Ablation Study. The local feature argument mechanism is based on knowledge representation model, which is designed for sparse datasets. Although the IDGL model can learn better structure representation, the premise is that the nodes have rich topology information. It can be seen from Table 2 that the alignment accuracy of the same model on different datasets varies greatly. What is the reason for this phenomenon? It can be seen from Table 1 that the network Flickr and Myspace are relative sparse, whose average edges of nodes is about 2. That’s to say, these networks have a large number of long-tail nodes. For long-tail nodes, GNN-based models are limited to learn their structure features [26]. So, to verify the effectiveness of our proposed method on sparse datasets, we conduct ablation study on Flickr-Myspace.

Table 4. The result of ablation study on Flickr-Myspace.

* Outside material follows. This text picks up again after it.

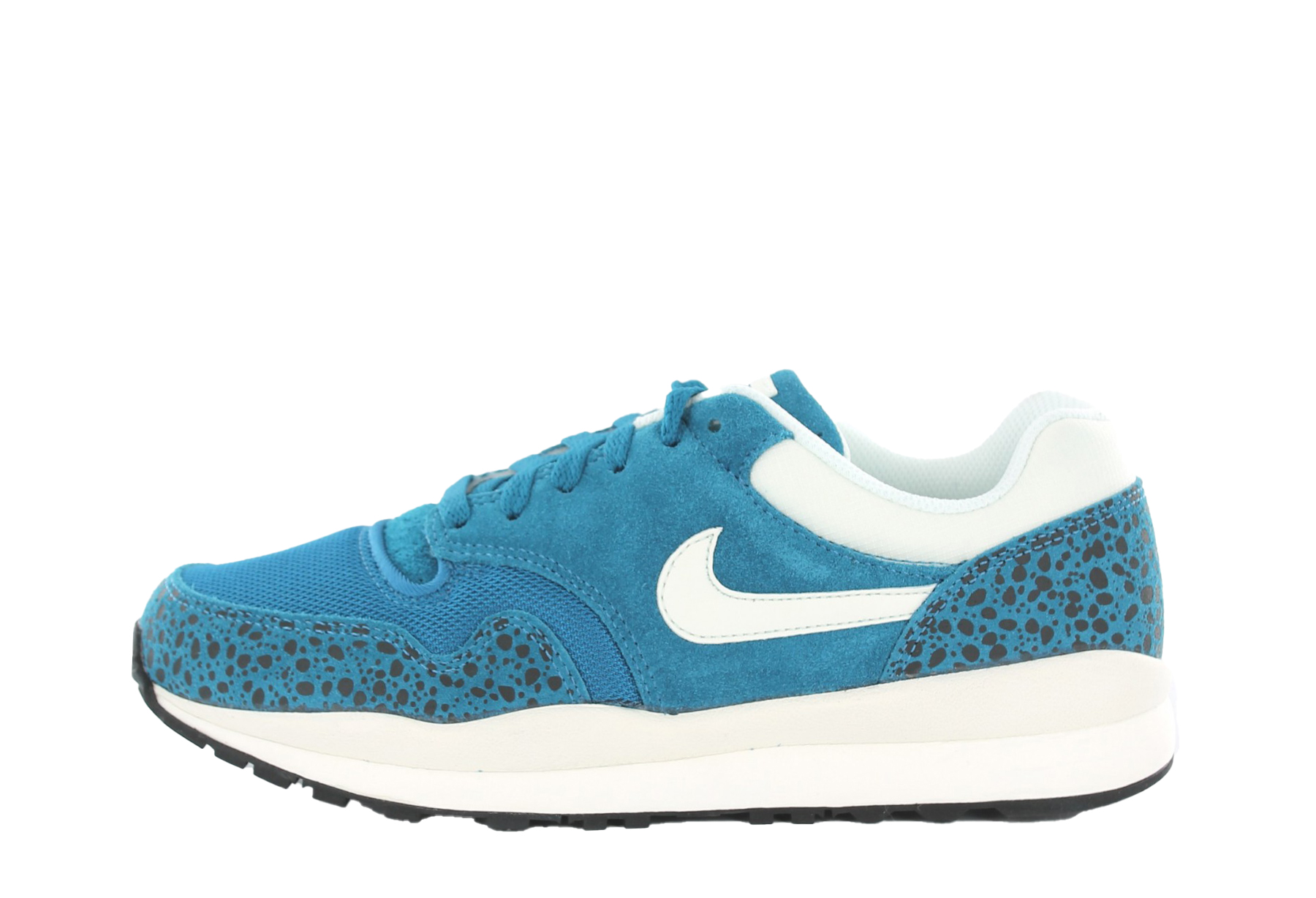 Nike Air Safari Green Abyss - 371740-301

IDNA represents our proposed model without local feature augmentation module. IDNA+TransE, IDNA+TransH, IDNA+DistMult, IDNA+ComplEx and IDNA+RotatE denote fusing IDNA with various knowledge representation method to learn better local feature. Table 4 presents the result with 4 metrics. From the table, we can clearly see that local feature augmentation module obtains better performance in terms of MAP, Success@1, Success@3 and Success@10, which indicates the local feature augmentation module works well and learns better structure representation. When the percentage of anchor links is 0.8, IDNA+RotatE outperforms other method and Success@1 improves by 2% compared to IDNA. When the percentage of anchor links is 0.2, IDNA+ComplEx performs better and has 1.2% improvement in terms of MAP.

Fig. 4.
figure 4

The relationship between alignment results and embedding dimension.

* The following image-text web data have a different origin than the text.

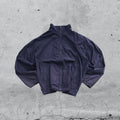 Felpa con Zip Adidas Grey Label  (L)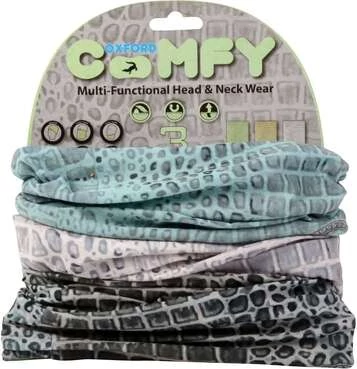Бандана Oxford Comfy Croc (3 шт)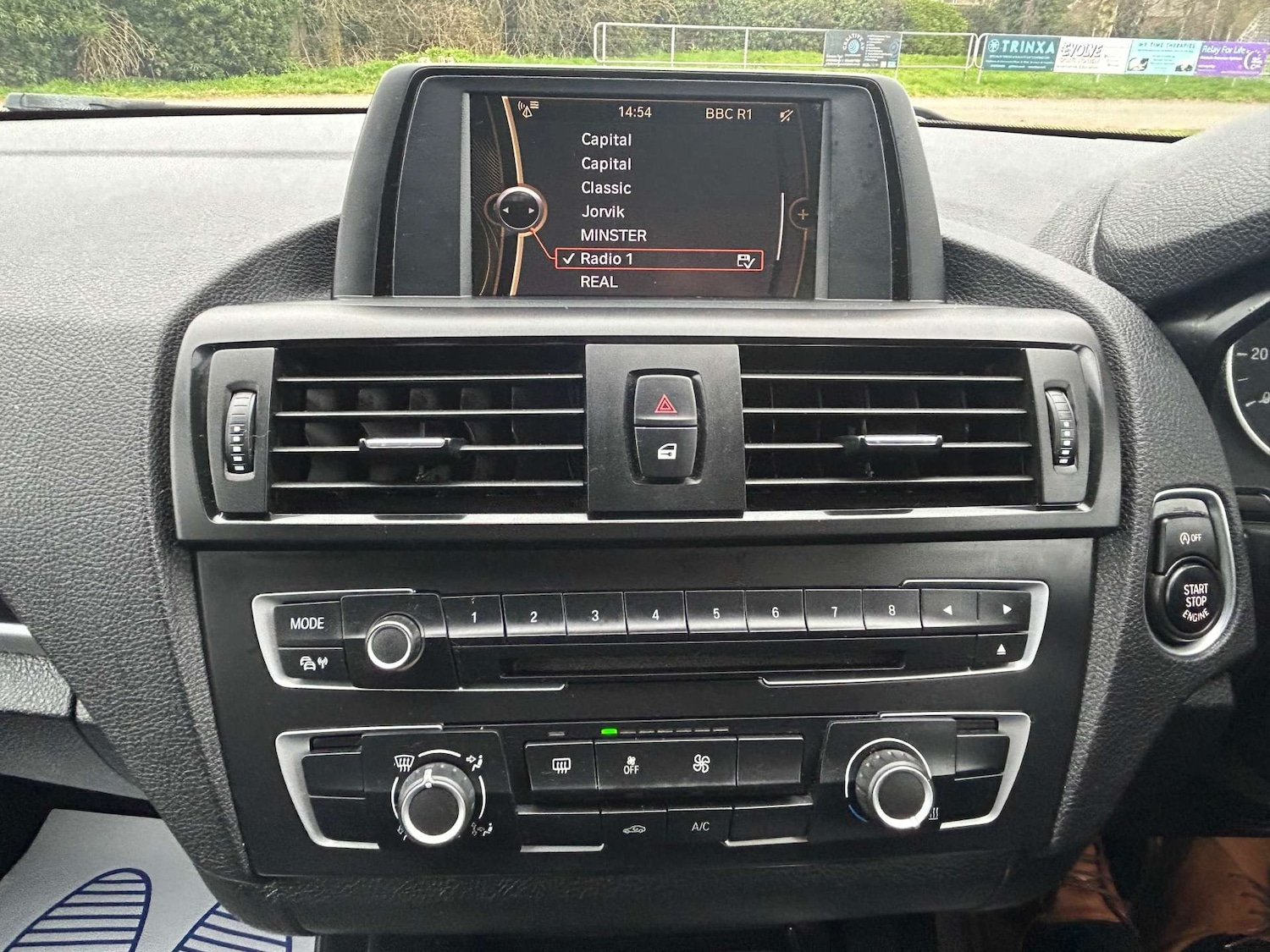 Used BMW 1 Series 2013 for sale - 78108320: Photo 35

5.3 Hyperparameter Sensitivity

Figure 4 studies the sensitivity of the embedding dimension. In general, users should not choose a high number of dimensions as it does not increase the performance (Success@1) significantly while the time and space complexity definitely become larger. In Flickr-Myspace dataset, as the embedding dimension increases, the model performance will fluctuate to a certain extent, but in general, the effect is better when the embedding dimension is 100. In Allmovie-Imdb, the initial performance increases rapidly over dimension and remains stable when dimension reaches about 100.

6 Conclusion

In this paper, we propose a novel network alignment framework IDLFA, which learns better network structure representation and further solves the networks data sparsity. Comprehensive empirical studies on two pairs of popular real-world datasets show that IDLFA can significantly improve the performance for social network alignment tasks in comparison with existing solutions. On part datasets, such as Allmovie-Imdb, our model shows the superiority, whose Success@1 comes to 90%, and can be adopt to practical applications. Our model doesn’t take attribute information into consideration. In the future works, we will study relative framework for attributed networks and the proposed framework can be applied to other tasks, e.g., cross-lingual knowledge graph task.